A predictive model for eye movement in a social video watching was built on the basis of the salience of the face. The model was shown to explain 60% of human eye movements. By developing such fundamental research to be applicable to practical occasions, the Center aims to implement the relevant eye movement functions in robots.
In addition, the Center will be equipped with state of the arts neuroimaging facilities as shown in the the figure above, making it world-level in the field of human sensing technologies with computer vision, as well as the field of adaptive and robust biomimetic information network technologies. Furthermore, the prospective researchers at the Center who study sociology, ethics, and philosophy have been playing a pioneering role in addressing the problems concerning the relationships among technology, human beings, and societies.
The Center, with the aid of sensing technologies, information networks, and sensor networks, aims to develop symbiotic intelligent systems, i.e., intelligent robots and intelligent information media devices, with which human beings can interact in a similar manner to how they do with other human beings.
In addition, the Center proposes to use such symbiotic intelligent systems to engage with problems in neuroscience, cognitive science, social psychology, psychology, sociology, ethics, and philosophy.
The Center will expand and develop experimental facilities and environments on the campuses of Osaka University and in the city of Osaka, to conduct experimental studies on the functions of the symbiotic intelligent robots and pursue social problems expected to arise in the future robot society.
By the end of the grant period (10 years), the Center will have developed robots capable of amicably interacting with human beings and realized sensor networks that support the activities of robots and observe and measure the relationships among human beings and robots; experimental studies will verify the practical use of such robots.
In the process of pursuing this project, the Center will also achieve a deep understanding of human functions to engage with interactive robots, such as intelligence, embodiment, multi-modal integration, intention/desire, consciousness, and social relationships.
The understanding gained about these human functions will be utilized to implement the corresponding humanlike functions in interactive robots and make them more humanlike and more amicable to human beings.
The human-amicable robots to be developed by the Center are mainly of two types: robots that are capable of learning new conversation and behaviors through engagement with human beings, and robots that feel to human beings as if they have desires, intentions, consciousness, and the self.
These types of robots are currently studied world-wide in artificial intelligence research and robotics, and the development of them promises to change the whole of human society yet again in a similar way to how personal computers and smart phones have done so in the past. The future society in which they are used is illustrated in the figure below.
Equipment and facilities
Space necessary for establishing the Center will be provided by Osaka University.

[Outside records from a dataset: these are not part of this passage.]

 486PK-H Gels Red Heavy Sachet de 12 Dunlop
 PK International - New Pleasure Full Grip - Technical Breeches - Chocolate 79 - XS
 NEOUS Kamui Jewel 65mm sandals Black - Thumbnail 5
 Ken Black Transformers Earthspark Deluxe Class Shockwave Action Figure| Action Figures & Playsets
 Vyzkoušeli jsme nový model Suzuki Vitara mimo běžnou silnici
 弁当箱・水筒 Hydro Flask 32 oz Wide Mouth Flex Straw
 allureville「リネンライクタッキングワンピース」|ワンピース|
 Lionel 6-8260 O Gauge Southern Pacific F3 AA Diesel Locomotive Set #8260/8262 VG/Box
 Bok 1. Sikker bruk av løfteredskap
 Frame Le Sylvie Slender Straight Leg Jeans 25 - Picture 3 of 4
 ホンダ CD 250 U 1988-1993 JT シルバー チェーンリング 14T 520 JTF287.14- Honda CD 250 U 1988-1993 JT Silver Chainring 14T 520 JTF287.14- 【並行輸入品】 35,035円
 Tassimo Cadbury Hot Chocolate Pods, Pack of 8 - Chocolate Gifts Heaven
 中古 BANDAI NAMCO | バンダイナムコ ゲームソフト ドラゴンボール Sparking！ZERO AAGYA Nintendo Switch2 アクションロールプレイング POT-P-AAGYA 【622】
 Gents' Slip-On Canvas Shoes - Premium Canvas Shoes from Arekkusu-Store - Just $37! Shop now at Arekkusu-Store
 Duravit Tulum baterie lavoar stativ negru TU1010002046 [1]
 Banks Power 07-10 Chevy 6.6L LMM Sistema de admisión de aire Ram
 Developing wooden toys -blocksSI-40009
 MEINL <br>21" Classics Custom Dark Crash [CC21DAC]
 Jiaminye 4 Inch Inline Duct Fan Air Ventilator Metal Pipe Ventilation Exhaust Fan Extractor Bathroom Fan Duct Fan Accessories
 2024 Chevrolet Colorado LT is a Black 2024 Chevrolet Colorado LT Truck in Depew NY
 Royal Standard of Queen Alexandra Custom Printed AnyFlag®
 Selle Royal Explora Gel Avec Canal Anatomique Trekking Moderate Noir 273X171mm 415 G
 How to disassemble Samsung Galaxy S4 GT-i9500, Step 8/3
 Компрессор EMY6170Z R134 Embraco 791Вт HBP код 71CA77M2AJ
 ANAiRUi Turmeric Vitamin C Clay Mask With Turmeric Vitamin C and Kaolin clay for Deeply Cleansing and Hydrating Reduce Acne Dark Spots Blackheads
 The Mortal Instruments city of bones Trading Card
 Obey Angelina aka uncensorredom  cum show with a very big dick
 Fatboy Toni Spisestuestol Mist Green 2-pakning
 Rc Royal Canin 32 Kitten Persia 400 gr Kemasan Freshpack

Reassembling the existing facilities, the Center will be provided a total of 2,000 m2 on Toyonaka and Suita campuses of Osaka University.
Offices of the Center are made as open and free of walls as possible, encouraging researchers from diverse backgrounds to seamlessly work together.
The sensing research and information network groups are responsible for experimental studies, and they promote cooperation with industrial companies and municipal corporations.
As is shown in the figure below, experimental environments with the relevant infrastructures, e.g., sensor networks, will be newly developed on the Suita, Toyonaka, and Minoh campuses of Osaka University, amounting to 50,000 m2 in total.
The Second Development Zone of the Umekita Area, located in the Northern area of Osaka Station (handling 2.4 million persons per day), will be developed as a research environment for real-world experiments.